● **The problem**
Using the listing below, output only the lines from the one that contains "The software will" through the one that contains "Hello everyone, it's", inclusive, exactly as given and without images.

● **Data provided**
"""

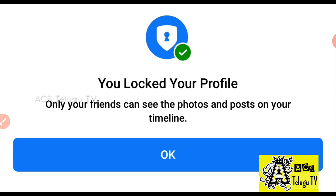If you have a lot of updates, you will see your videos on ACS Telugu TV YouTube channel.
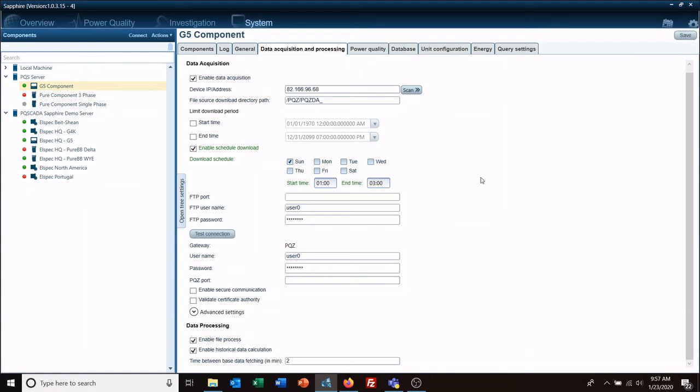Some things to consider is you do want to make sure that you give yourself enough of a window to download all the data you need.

"""
"""

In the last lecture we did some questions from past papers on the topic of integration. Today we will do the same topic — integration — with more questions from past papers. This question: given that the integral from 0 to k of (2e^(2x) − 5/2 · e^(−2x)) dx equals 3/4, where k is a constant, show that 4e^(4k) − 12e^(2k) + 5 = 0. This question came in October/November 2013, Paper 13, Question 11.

"""
"""

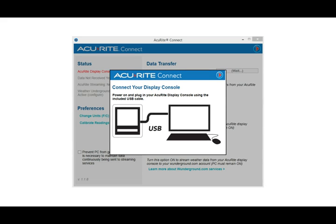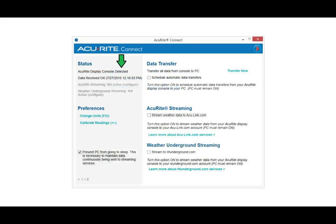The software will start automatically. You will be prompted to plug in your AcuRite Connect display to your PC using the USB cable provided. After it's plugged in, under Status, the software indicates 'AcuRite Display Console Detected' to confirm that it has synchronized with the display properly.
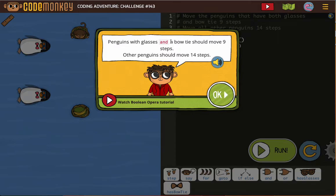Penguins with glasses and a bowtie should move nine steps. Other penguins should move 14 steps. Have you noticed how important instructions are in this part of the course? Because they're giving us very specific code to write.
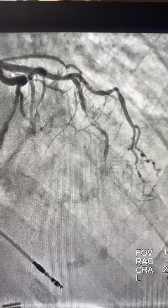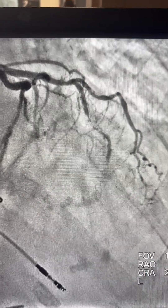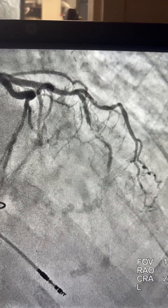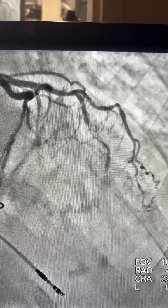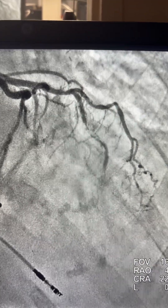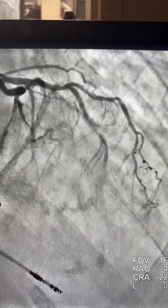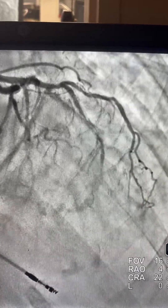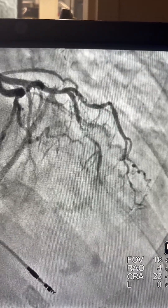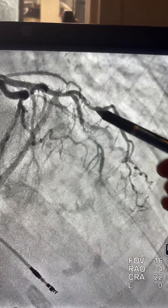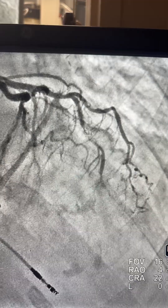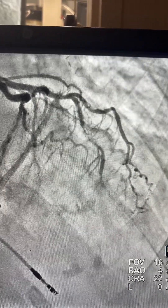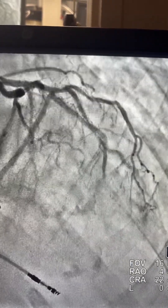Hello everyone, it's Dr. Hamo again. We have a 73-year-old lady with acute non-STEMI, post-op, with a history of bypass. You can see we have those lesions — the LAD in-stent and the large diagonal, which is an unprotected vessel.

"""

● **Solution below**
The software will start automatically. You will be prompted to plug in your AcuRite Connect display to your PC using the USB cable provided. After it's plugged in, under Status, the software indicates 'AcuRite Display Console Detected' to confirm that it has synchronized with the display properly.
Penguins with glasses and a bowtie should move nine steps. Other penguins should move 14 steps. Have you noticed how important instructions are in this part of the course? Because they're giving us very specific code to write.
Hello everyone, it's Dr. Hamo again. We have a 73-year-old lady with acute non-STEMI, post-op, with a history of bypass. You can see we have those lesions — the LAD in-stent and the large diagonal, which is an unprotected vessel.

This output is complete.